2003/11/16
Porque faz falta um memorial adequado para homenagearmos as vítimas
do que temos vindo a chamar de “guerra civil nas estradas
portuguesas”, a ACA-M tomou de empréstimo, no Dia Europeu
da Memória (16/11/03), um monumento cuja função
ritual se encontra já há muito desactivada: o monumento
aos mortos da Grande Guerra.
É algo estranho – quase sacrílego – que
dirijamos uma homenagem a quem morreu violentamente nas ruas e estradas
usando para isso um memorial de pedra que foi, durante anos, usado
para evocar outras vítimas - os mortos portugueses da Primeira
Guerra Mundial. A verdade é que, na perspectiva da vítima
e de quem a chora, uma guerra equivale sempre a outra.
O Dia Europeu em Memória das Vítimas das Estradas
oferece aos amigos e familiares das vítimas das estradas,
e à comunidade em geral, um momento de reflexão colectiva
sobre o significado da carnificina diária provocada pela
velocidade automóvel.
O Dia da Memória é um dia de evocação
e um dia de acção. De evocação da memória
dos nossos familiares e amigos mortos na estrada, soldados desconhecidos
de uma guerra suja e aparentemente interminável, soldados
que a maior parte das vezes nem sabem que o são, e que caem
muitas vezes antes mesmo de deixarem de ser crianças (ou,
como aconteceu recentemente em Aveiro, antes mesmo de ser crianças).
O direito à vida foi-lhes roubado, em nome do direito da
força: a força do excesso de velocidade, a força
da sensação de impunidade, a força de conduzir
alcoolizado, de falar ao telemóvel, de não parar nas
passadeiras, e também a força de construir e manter
estradas sem respeito pela integridade física dos cidadãos.
O Dia da Memória é também um dia de acção.
Um gesto, mesmo que simbólico e algo estranho, como a deposição
de coroas de flores num monumento tomado de empréstimo, tem
a força da razão que está por detrás
dele.
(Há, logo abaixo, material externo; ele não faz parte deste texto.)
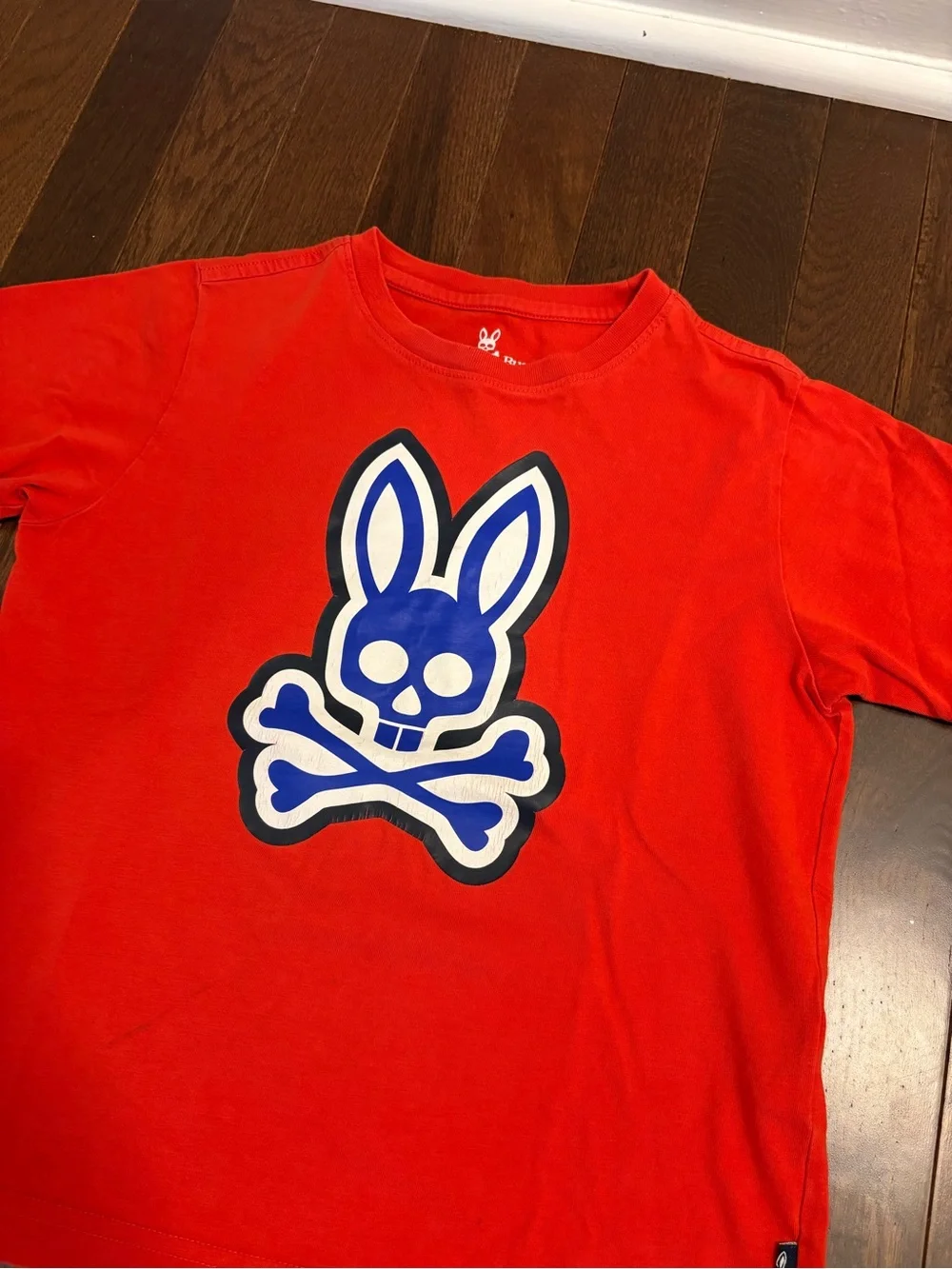 Psycho Bunny Kids Graphic T-Shirt Red Size S 7/8 100% Pima Cotton Big Logo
Para acabar com esta guerra, não precisamos de recorrer
à força das acções sangrentas –
porque esta é uma guerra que não se vence pela razão
da força mas pela força da razão e pela valorização
da memória.
A memória é parte importante na construção
da identidade de um país, de um colectivo. A função
dos monumentos nas nossas cidades é também essa: homenagear,
honrar, dizer que não esquecemos.
Não existe ainda um memorial dedicado aos mortos da grande
guerra civil das estradas portuguesas. Um tal monumento, que perpetuaria
a memória das vítimas da violência rodoviária,
seria um reconhecimento, por parte do estado e da sociedade, da
enorme dor e sofrimento causados a muitos milhares de cidadãos
portugueses em nome de uma tecnologia de transporte que não
tem acautelado suficientemente o nosso inalienável direito
à vida e à integridade física.
Será que um monumento à memória das vítimas
da grande guerra civil das estradas ajudaria a tornar menos gratuito
o seu sacrifício? Será que ele nos ajudaria a reanimar
a nossa consciência colectiva e a fazer o que se deve fazer
com qualquer guerra – dá-la por terminada? Deixamos
aqui intencionalmente sem resposta estas perguntas que são
também um repto a quem estiver disponível para as
ouvir e para agir em consequência.
O monumento aos mortos da I Grande Guerra é, como se sabe,
um monumento ao soldado desconhecido. Por isso também é
justificado este empréstimo temporário: é que
as vítimas das guerras são todas, voluntária
ou involuntariamente, soldados desconhecidos. Anónimos para
o colectivo, com identidade concreta para quem as chora e as lembra.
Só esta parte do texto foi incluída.